The identities of 13,449 people who did not pay this year's four major social insurance premiums and are delinquent in large amounts or on a habitual basis were disclosed. The list includes well-known entertainers such as actor Shin Eun-kyung and broadcaster Lee Jin-ho.
The National Health Insurance Service on the 30th disclosed all at once, via its website and the electronic official gazette, the personal information of delinquents who have long failed to pay large insurance premiums: 10,444 for health insurance, 2,424 for the national pension, and 581 for employment and industrial accident insurance.
Those disclosed are delinquents who, as of Dec. 31 last year, were at least one year past the payment deadline and owed at least 10 million won in health insurance, 20 million won in the national pension, or 50 million won in employment and industrial accident insurance.

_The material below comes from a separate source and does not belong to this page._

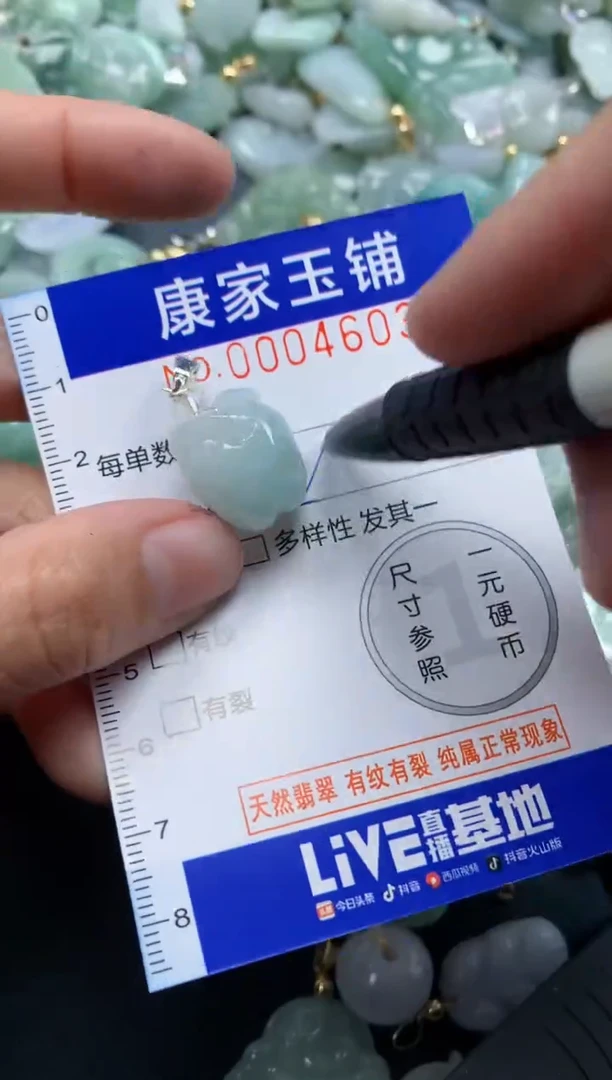 颈饰未镶嵌翡翠4603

The disclosure list also revealed delinquencies by well-known entertainers. Actor Shin Eun-kyung has failed to pay 95.17 million won in health insurance premiums from February 2014 to the present. Broadcaster Lee Jin-ho, who recently halted activities over alleged illegal gambling, has also been delinquent on 28.84 million won in health insurance premiums since April 2023, and singer Cho Deok-bae has not paid more than 32.39 million won since 2010.
The highest amount among individual delinquents is a person surnamed Seo, who works in manufacturing, who has been delinquent on 1.33078 billion won in health insurance premiums since 2017. Among corporations, a company in Gangnam District, Seoul, recorded the largest delinquency by failing to pay 12.01615 billion won in employment and industrial accident insurance premiums. The total number of people disclosed this year fell 1.7% from a year earlier, and the total delinquency also decreased 35.4% to 364.1 billion won.

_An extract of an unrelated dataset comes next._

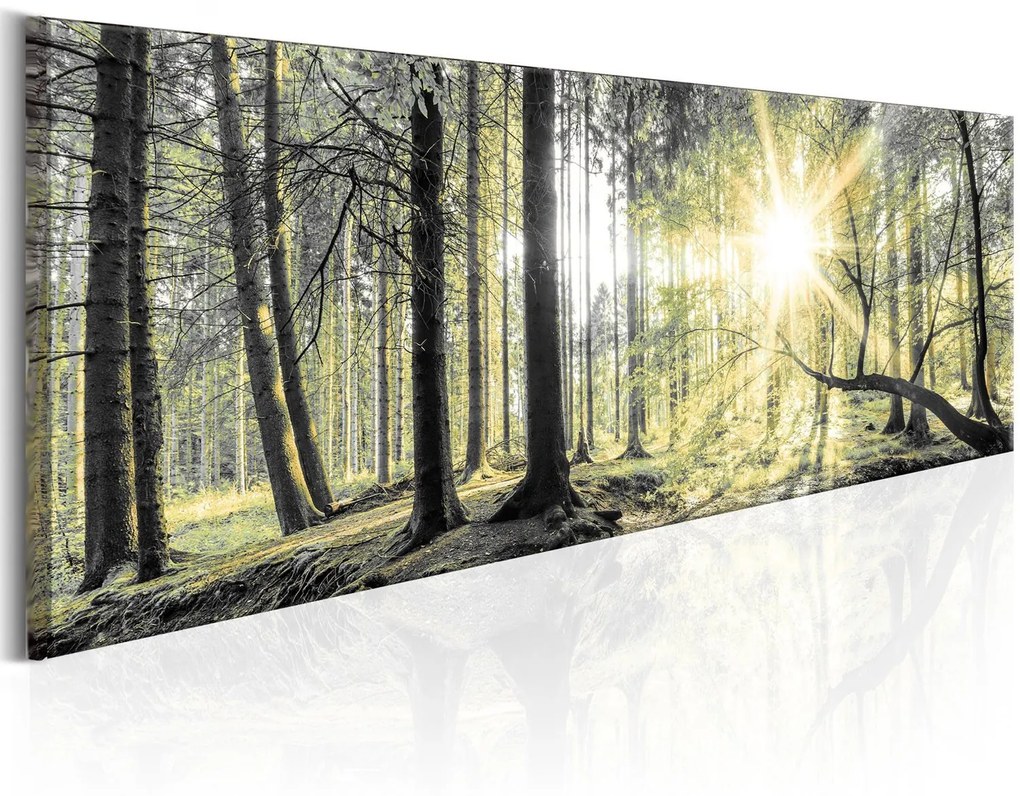 Πίνακας - Morning Forest 135x45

The health insurance service selected 29,660 people slated for disclosure in March and gave them more than six months to explain. Afterward, through a second review committee on Dec., it finalized the list by excluding those who actually paid or had no assets.
An agency official said, "If a delinquent voluntarily pays overdue premiums and the amount falls below the disclosure threshold, we immediately delete the name from the list and continue to manage the list," and added, "By disclosing personal information, we will encourage voluntary payment of overdue premiums and prevent moral hazard."